Updated

The Iraq war funding bill that Congress is sending to the White House will extend weekly benefits for jobless Americans hurt by the tough economy and rising unemployment.

The legislation, upon President Bush's signature, will give an extra 13 weeks of unemployment benefits to jobless workers who have exhausted their regular 26 weeks of benefits.

Unemployment benefit checks average $299.14 a week nationwide, but they vary widely from state to state — ranging from $404.39 in Hawaii to $178.67 in Mississippi.

The extension will run through March, although unemployed workers who have started to get the extra benefits by then could get them for the entire 13 weeks.

Extending the benefits follows five straight months of falling payrolls and an unemployment rate that jumped half a percentage point to 5.5 percent in May, the biggest one-month increase since 1986.

Congress has extended unemployment benefits before during periods that turned out to be recessions: twice in the 1970s, again in the early 1980s and 1990s, and most recently from March 2002 through December 2003.

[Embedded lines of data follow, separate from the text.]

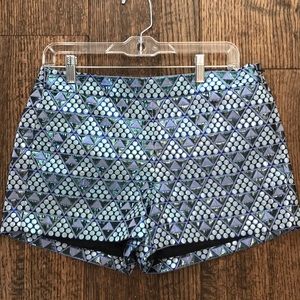JCrew Hot Shorts Metallic Sheen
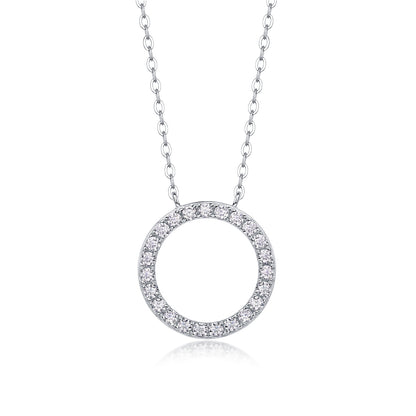 As You Wish - A Fashionable And Luxurious Diamond Jewelry Pendant Set With Moissanite S925 Sterling Silver And Platinum Plating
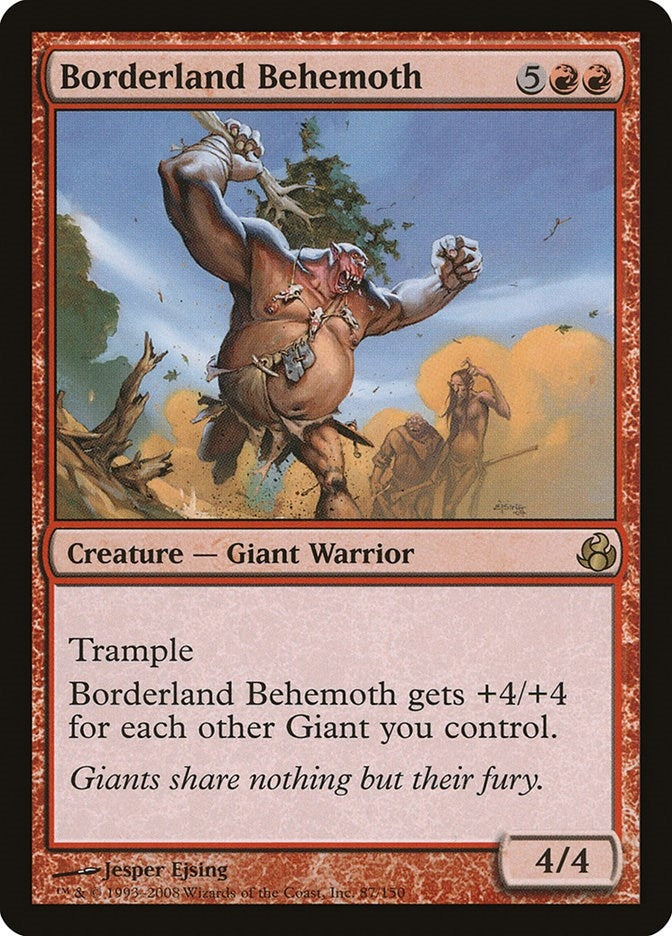 Image for Borderland Behemoth (87) - Magic: The Gathering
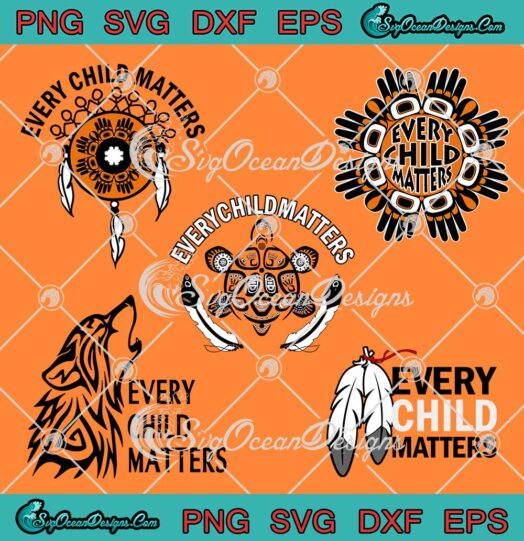 Every Child Matters SVG Orange Shirt Day Logo Gifts Bundle SVG PNG Cricut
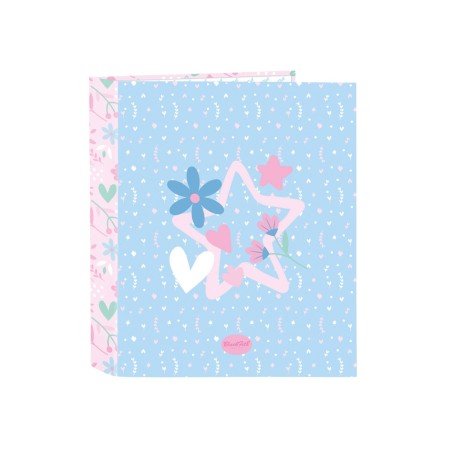 Carpeta safta 4 anillas folio carton lomo ancho blackfit8 smile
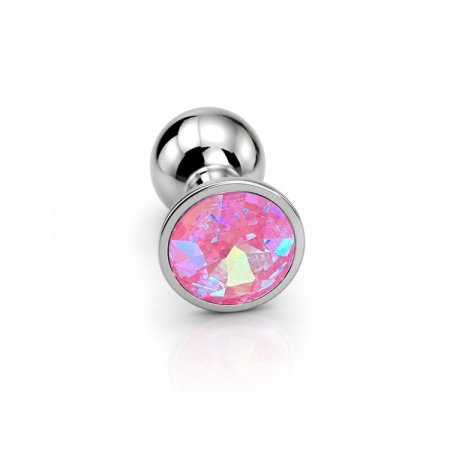 (image for) Metal CRZ plug - Small - PINK OPAL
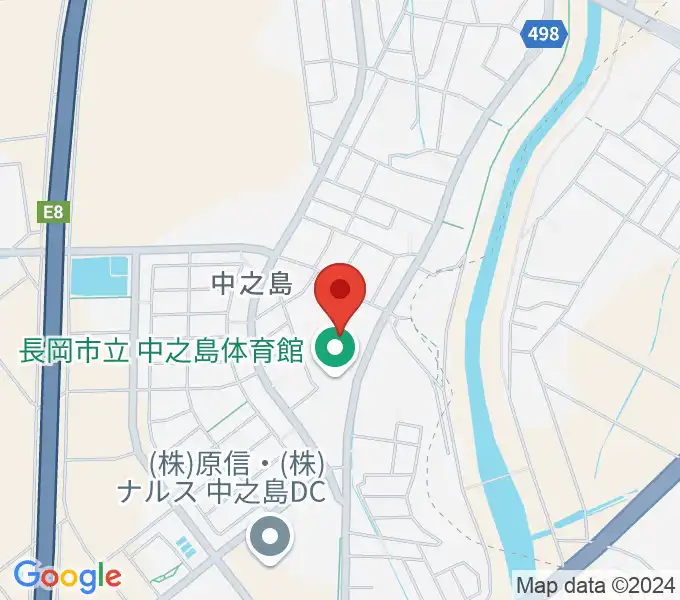 長岡市中之島文化センターの地図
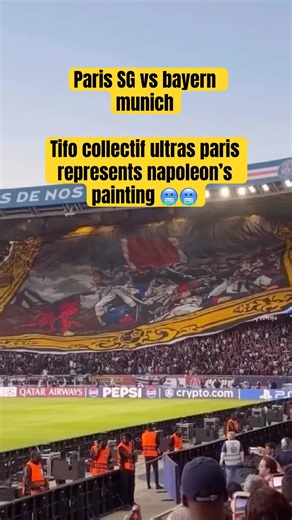PSG Ultras SHOCK Bayern Munich with GIANT Napoleon TIFO 🇫🇷🔥 | Insane Champions League Atmosphere!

The National Employment Law Project estimates that 4 million workers will be eligible for the extension over the next year, including 1.1 million workers who will be immediately eligible for assistance.

To qualify for the extension, jobless workers will have to have worked 20 weeks or its equivalent before being laid off. Democrats wanted to strip that from the bill, saying it would keep 10 percent of the unemployed from getting government help. Republicans argued that the restriction keeps people from working for days and then collecting months of benefits.